Patients with renal cell carcinoma (RCC) usually develop drug resistance and have poor prognosis owing to its insensitive property. However, the underlying mechanisms of RCC are still unclear. We implemented an integrative analysis of The Cancer Genome Atlas and Gene Expression Omnibus datasets. Three genes (CRHBP, RAB25 and PSAT1) were found to be potential biomarkers in ccRCC and validated by four independent cohorts. Then, ccRCC patients with a decreased expression of CRHBP in tumor tissues had significantly poor survival by TCGA ccRCC datasets and verified by clinical samples as well as RCC cell lines. Overexpression of CRHBP suppressed cell proliferation, migration, invasion as well as apoptosis in vitro and in vivo. Moreover, the results of western blot analysis showed the effects of CRHBP via upregulating NF-κB and p53-mediated mitochondria apoptotic pathway. Our results suggested that CRHBP may be an effective target to treat ccRCC patients.

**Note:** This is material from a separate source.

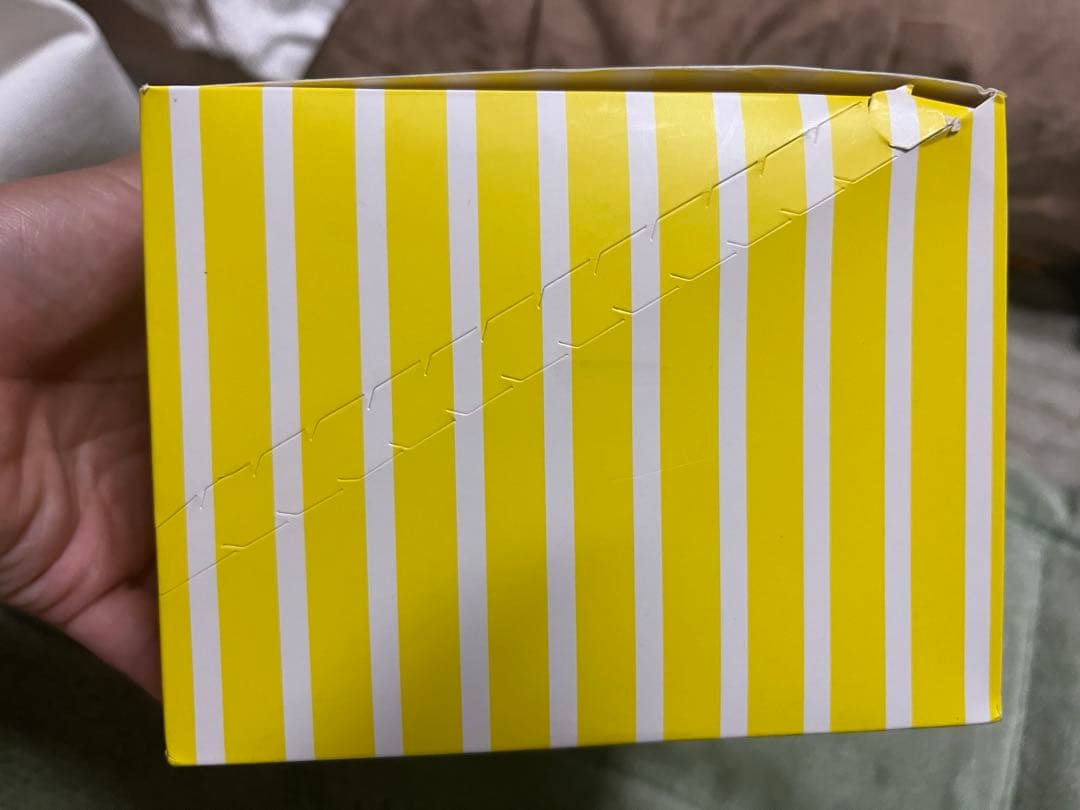 ソニーエンジェル　サマーシリーズ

肾细胞癌（RCC）患者由于其不敏感的特性，通常会产生耐药性并且预后不良。然而，RCC的潜在机制仍不清楚。我们对癌症基因组图谱和基因表达综合数据集进行了综合分析。发现三个基因（CRHBP、RAB2​​5 和 PSAT1）是 ccRCC 中的潜在生物标志物，并由四个独立队列验证。然后，通过 TCGA ccRCC 数据集并通过临床样本和 RCC 细胞系验证，肿瘤组织中 CRHBP 表达降低的 ccRCC 患者的存活率显着降低。CRHBP 的过表达在体外和体内抑制细胞增殖、迁移、侵袭以及细胞凋亡。而且，Western印迹分析结果显示CRHBP通过上调NF-κB和p53介导的线粒体凋亡途径发挥作用。我们的研究结果表明，CRHBP 可能是治疗 ccRCC 患者的有效靶点。